# Machining a small conrod on a 10 axis CNC lathe.



## warranator (Jun 2, 2011)

This is a con rod for a small 2 cylinder steam engine I am making, don't know if it will work as it is not from a plan and the head is a rotary valve system I have come up with which I am going to drive with a tiny chain, I am going to make all the links in my small repetition CNC lathe along with the gears to drive the rotary valve. Will post a video when I get it running. 

This conrod took approx 4 mins to make and about 2 hours to draw it up and program the machine. 


[ame]http://www.youtube.com/watch?v=MrLZWSDLC5E[/ame]


----------



## stevehuckss396 (Jun 2, 2011)

Very cool! I'm a big CNC fan. CNC is a very handy hobby to have when your other hobby is model engines.


----------



## cfellows (Jun 2, 2011)

Very nice. Wouldn't mind having a lathe like that! I'm guessing that didn't come from Harbor Freight?  :big:

Chuck


----------



## agmachado (Jun 2, 2011)

Very cool !!!

:bow:

Cheers,

Alexandre


----------



## steamboatmodel (Jun 3, 2011)

That is one nice toy.
Why did you wait until near the end of the program to drill the hole?
Regards,
Gerald.


----------



## warranator (Jun 5, 2011)

I left the hole until last for a couple of reasons. I needed the part to be as rigid as possible for the milling process and also thought the hole might distort during the milling process if it was there first.
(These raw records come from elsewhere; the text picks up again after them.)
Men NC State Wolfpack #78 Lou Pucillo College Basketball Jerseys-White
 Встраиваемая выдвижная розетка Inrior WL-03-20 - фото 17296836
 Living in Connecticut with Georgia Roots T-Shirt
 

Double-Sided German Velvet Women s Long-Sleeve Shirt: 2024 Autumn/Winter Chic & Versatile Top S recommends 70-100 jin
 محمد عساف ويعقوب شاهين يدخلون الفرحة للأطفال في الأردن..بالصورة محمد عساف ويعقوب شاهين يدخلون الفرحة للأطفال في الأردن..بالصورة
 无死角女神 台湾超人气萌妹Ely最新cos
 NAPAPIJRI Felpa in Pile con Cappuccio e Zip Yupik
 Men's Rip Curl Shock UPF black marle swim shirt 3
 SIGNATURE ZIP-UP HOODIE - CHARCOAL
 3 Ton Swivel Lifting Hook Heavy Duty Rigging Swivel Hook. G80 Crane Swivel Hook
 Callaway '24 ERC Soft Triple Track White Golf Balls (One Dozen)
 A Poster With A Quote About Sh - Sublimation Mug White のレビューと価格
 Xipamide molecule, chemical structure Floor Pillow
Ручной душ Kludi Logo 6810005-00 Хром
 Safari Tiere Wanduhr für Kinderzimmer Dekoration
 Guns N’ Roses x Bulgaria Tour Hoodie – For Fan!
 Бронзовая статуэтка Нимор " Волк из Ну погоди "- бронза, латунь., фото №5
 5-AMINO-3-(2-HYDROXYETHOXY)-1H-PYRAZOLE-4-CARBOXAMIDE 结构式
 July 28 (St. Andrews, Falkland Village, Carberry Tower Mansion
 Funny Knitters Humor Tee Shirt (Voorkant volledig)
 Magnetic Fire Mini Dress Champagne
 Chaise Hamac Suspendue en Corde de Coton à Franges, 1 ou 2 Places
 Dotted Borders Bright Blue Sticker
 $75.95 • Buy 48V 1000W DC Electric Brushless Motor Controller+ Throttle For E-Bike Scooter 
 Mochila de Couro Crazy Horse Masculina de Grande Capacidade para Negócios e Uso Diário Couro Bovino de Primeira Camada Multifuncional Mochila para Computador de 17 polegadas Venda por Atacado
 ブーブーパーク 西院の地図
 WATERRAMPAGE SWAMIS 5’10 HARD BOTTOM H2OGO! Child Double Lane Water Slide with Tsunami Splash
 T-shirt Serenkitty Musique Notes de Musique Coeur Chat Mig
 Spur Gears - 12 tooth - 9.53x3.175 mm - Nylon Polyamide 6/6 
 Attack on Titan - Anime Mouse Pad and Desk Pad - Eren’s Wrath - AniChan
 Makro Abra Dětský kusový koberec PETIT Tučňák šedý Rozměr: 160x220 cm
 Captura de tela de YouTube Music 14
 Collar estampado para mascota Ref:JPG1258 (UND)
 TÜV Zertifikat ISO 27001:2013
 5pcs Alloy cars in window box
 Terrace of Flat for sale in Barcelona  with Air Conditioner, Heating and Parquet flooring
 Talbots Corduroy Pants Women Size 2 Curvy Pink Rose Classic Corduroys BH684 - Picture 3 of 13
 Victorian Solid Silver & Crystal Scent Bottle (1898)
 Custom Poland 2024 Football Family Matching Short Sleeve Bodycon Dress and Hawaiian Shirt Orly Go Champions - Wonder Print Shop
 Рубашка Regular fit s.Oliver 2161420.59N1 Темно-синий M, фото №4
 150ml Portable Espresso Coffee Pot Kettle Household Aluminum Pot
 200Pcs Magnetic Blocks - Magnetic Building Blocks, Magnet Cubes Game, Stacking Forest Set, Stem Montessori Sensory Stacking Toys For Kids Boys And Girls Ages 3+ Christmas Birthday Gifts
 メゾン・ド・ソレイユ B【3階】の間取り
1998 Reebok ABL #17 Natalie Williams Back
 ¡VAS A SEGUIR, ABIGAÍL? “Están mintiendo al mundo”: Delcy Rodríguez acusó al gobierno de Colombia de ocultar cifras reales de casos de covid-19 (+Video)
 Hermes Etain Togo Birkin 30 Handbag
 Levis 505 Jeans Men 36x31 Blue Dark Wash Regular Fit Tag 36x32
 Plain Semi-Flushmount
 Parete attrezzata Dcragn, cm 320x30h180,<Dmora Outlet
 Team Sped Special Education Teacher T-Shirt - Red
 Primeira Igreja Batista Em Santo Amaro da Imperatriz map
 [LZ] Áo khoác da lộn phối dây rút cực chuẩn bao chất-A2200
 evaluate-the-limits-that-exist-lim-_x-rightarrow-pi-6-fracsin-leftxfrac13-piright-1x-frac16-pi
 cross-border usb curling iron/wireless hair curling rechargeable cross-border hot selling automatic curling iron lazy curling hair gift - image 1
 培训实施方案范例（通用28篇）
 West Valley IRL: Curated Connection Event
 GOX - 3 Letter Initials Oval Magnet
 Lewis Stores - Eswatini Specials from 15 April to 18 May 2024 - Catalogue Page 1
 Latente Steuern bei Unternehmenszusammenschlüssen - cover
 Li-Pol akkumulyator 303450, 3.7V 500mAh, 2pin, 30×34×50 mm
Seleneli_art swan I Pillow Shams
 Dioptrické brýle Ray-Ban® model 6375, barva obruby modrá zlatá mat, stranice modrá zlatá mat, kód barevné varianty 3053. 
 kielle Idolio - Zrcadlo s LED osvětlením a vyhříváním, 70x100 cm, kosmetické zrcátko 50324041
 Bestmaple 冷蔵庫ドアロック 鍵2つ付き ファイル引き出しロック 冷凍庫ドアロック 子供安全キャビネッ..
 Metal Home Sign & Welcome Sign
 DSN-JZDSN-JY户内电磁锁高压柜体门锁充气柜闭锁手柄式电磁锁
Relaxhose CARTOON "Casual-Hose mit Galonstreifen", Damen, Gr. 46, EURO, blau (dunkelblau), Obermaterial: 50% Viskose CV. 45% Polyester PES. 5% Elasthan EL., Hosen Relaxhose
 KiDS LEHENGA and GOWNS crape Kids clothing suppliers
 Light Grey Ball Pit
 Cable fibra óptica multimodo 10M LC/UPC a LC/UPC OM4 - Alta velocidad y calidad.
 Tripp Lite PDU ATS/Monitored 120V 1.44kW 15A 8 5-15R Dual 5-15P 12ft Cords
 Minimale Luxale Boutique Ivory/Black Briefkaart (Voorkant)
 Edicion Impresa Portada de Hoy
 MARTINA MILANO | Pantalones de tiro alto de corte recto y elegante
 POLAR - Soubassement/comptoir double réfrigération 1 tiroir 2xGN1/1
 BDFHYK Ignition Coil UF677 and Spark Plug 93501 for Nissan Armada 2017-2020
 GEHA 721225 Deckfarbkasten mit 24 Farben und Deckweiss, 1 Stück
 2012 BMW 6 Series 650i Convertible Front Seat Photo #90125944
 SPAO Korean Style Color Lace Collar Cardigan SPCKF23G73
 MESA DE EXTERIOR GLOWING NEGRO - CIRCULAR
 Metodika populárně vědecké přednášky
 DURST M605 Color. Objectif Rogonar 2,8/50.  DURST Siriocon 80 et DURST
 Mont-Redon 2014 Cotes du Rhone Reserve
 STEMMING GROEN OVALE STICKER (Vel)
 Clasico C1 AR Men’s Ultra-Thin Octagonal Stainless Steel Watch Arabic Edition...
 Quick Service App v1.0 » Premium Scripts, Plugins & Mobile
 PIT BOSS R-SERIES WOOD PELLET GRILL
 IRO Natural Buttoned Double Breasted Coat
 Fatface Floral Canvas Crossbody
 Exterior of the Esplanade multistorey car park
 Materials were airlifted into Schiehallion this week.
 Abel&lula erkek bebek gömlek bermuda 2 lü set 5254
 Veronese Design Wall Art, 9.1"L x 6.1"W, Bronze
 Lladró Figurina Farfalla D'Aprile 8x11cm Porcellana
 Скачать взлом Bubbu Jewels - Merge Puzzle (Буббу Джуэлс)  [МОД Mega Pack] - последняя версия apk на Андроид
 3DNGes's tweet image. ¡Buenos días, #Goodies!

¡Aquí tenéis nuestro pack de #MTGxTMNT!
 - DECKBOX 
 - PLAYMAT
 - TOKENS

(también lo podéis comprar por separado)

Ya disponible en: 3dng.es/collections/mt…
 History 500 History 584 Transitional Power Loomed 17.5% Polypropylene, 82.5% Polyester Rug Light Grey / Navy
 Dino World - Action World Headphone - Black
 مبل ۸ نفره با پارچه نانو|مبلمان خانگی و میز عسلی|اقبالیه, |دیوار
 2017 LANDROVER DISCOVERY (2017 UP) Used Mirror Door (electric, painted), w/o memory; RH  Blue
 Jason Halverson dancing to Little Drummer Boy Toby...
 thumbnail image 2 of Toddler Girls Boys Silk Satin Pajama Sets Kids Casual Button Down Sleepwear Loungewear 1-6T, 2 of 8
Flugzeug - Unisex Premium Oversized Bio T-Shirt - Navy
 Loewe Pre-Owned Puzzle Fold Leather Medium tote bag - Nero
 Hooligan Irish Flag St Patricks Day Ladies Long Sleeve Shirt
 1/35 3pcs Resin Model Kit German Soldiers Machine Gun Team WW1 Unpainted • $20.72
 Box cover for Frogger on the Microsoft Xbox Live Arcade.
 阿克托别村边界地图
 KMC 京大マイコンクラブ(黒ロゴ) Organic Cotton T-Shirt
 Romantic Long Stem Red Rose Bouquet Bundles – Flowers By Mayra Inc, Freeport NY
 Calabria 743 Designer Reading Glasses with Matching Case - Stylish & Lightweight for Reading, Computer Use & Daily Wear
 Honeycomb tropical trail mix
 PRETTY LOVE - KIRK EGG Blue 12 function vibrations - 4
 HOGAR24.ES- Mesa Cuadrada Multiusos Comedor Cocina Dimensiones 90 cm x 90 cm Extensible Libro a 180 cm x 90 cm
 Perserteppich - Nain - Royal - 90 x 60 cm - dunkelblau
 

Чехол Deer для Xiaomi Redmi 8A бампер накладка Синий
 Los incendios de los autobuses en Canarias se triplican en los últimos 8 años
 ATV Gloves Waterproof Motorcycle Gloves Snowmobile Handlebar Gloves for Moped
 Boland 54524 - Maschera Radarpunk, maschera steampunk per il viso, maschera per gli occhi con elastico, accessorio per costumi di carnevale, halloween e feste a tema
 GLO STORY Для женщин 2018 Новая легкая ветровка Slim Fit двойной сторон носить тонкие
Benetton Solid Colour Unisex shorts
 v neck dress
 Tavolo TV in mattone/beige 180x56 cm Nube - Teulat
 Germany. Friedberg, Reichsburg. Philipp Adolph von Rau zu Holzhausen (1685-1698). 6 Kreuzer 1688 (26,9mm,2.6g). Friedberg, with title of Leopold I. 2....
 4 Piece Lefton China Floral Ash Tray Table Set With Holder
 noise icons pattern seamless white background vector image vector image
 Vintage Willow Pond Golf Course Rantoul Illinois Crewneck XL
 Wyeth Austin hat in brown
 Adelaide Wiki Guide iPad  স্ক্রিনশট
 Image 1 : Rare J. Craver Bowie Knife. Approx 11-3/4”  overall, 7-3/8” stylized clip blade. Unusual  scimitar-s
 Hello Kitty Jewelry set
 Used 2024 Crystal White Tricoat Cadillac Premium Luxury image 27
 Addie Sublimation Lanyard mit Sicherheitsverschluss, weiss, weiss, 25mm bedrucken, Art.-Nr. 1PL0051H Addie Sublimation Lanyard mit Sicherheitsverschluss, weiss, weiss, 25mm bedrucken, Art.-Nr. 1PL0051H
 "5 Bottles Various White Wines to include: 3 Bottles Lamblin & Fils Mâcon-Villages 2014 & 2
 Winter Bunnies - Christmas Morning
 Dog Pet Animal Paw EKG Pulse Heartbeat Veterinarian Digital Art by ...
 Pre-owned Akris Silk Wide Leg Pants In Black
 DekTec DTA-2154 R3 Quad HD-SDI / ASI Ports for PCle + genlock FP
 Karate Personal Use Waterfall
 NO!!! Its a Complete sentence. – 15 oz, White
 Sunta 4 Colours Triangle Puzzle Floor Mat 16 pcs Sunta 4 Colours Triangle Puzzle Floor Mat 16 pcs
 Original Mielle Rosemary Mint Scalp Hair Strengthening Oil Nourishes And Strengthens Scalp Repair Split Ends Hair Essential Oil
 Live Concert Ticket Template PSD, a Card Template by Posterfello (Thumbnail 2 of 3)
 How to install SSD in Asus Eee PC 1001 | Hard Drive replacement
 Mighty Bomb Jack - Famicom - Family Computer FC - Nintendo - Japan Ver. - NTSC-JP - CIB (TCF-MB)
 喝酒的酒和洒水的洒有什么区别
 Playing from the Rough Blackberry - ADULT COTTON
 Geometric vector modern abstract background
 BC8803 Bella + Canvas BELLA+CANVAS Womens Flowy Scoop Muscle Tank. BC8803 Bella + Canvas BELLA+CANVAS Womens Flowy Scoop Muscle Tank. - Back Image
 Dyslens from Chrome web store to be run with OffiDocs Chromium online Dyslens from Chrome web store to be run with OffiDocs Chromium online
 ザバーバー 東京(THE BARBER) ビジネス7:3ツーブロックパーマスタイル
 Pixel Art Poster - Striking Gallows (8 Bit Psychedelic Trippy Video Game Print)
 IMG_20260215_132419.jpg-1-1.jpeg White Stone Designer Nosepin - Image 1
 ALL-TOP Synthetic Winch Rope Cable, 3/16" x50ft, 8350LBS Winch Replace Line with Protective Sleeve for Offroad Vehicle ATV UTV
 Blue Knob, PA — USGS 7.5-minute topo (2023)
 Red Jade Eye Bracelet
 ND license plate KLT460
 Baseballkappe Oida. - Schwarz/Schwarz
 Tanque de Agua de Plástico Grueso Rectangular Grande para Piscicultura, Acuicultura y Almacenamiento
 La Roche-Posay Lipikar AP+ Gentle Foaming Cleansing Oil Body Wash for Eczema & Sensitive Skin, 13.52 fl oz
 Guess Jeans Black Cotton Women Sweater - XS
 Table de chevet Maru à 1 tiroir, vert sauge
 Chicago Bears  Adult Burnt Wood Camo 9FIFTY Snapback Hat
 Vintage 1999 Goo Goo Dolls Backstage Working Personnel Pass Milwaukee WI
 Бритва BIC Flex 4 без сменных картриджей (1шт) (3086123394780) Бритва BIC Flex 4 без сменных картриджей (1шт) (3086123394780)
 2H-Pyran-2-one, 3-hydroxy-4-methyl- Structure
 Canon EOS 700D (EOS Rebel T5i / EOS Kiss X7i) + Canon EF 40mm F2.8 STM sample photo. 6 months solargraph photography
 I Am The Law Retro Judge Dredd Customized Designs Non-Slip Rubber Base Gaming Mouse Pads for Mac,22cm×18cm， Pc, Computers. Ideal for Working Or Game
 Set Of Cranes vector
It probably would have worked either way.


----------



## rcfreak177 (Jun 5, 2011)

Very nice machine, 

Exactly what type (make and model) is that?
I wan't one.

Baz.


----------



## waynes world (Jun 5, 2011)

google abx miyano for your answers.

wayne


----------



## warranator (Jun 6, 2011)

Machine is a Miyano ABX52TH. Cost around AU$500 000 but they are probably a bit less than that now. I will be machining a small crank shaft on it soon and will get a video of that.


----------